My countershaft was badly scored under the roller bearings and worsening rapidly, so I built carriers (and bought a D shaft...shaft rod with a full length flat for set screws) for sealed ball bearings.  In my search I found open roller bearings identical in measurement to the factory units.  If you want to rebuild in kind, a section of hardened shafting and replacement bearings is a viable alternative.  You would still need to drill the grease ports and thread the ends for the grease caps.  A search of this forum back a few months will reveal mine and another member's bearing replacement project.  I have a CAD file posted with dims for the bearing carriers.  It was a fun project...even if rushed by need of working with the failing bearing!


----------



## cdhknives (Aug 6, 2015)

Found it:

http://www.hobby-machinist.com/threads/hot-hot-is-too-hot.34121/page-2


----------



## Birt (Aug 7, 2015)

cdhknives said:


> Found it:
> 
> http://www.hobby-machinist.com/threads/hot-hot-is-too-hot.34121/page-2



Thanks for sharing that - it is extremely helpful. Seems like a project I might even have a chance at doing, though I've not done any boring before (as I said, I am a neophyte). I was able to capture your drawings, though, so maybe with some guidance I can get it done. Did you find the bearings at bearingsdirect.com, as Wierd Harold did?


----------



## cdhknives (Aug 7, 2015)

I bought mine at McMaster but only because I could also get the shaft material there and it didn't make sense to pay shipping from 2 places...


----------



## Birt (Aug 7, 2015)

Another thought occurs to me that may be contributing to the countershaft constantly wanting to fall. The rocker bar that raises the countershaft has two flats ground in it (I thought it was supposed to have three for "idle" "drive" and "heavy duty" but I don't see a third position). Between those two flats is, of course, a corner.

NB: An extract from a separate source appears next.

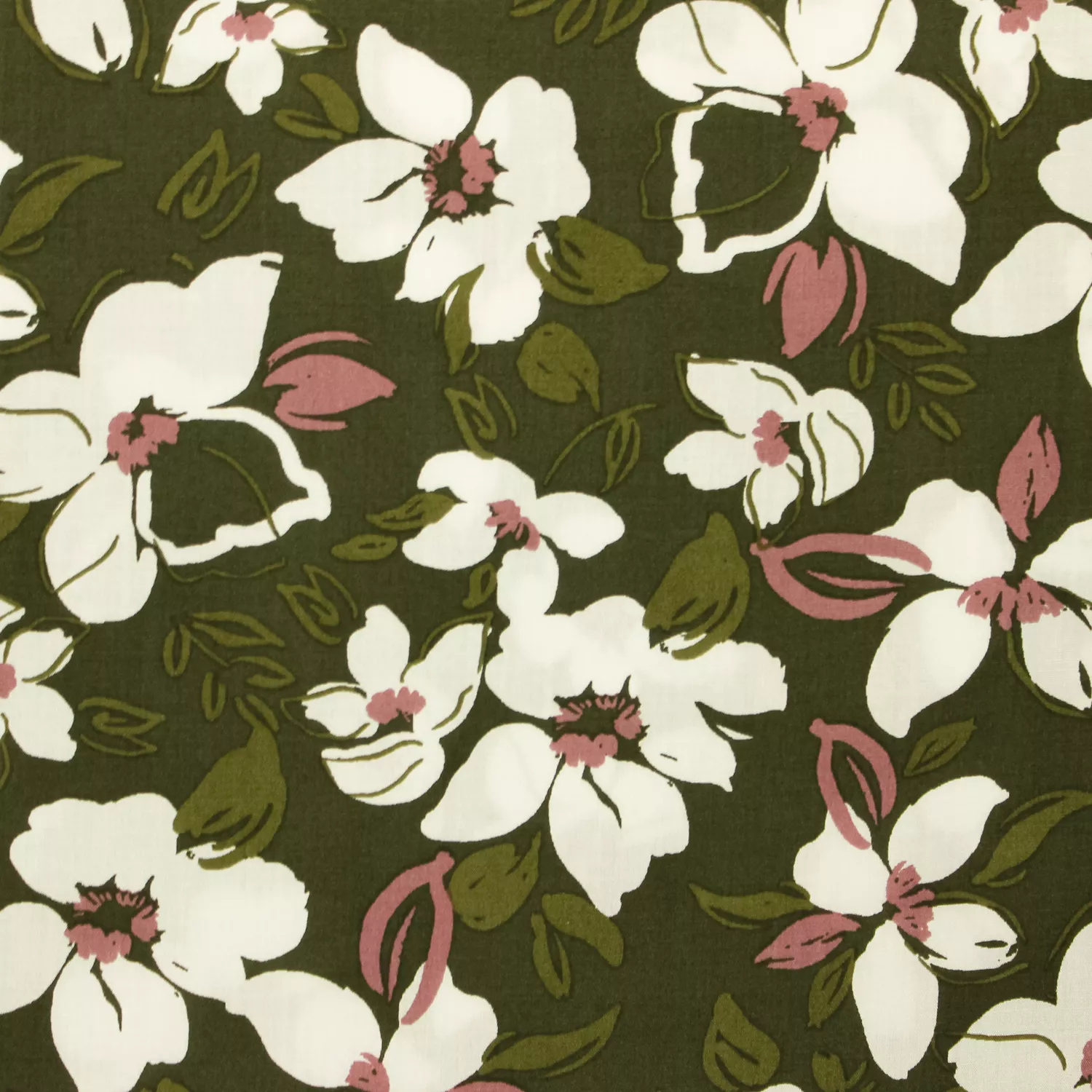 Viscose groen met bloemen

As you move the rocker arm and the countershaft rises, shouldn't it be at its highest point when resting on the apex of that corner? Then it would drop down - however slightly - to come to rest in the "drive" position. It would be kept from falling by the fact that it would first have to jump _up_ over that corner, before dropping into "idle." Otherwise, couldn't any amount of vibration shake it out of drive (as mine is doing)? Measuring the motion of my countershaft with a dial indicator, it doesn't reach its highest point until it's fully in drive. Is it possible that corner has become worn down and that's causing me problems? I realize I may be completely mistaken.


----------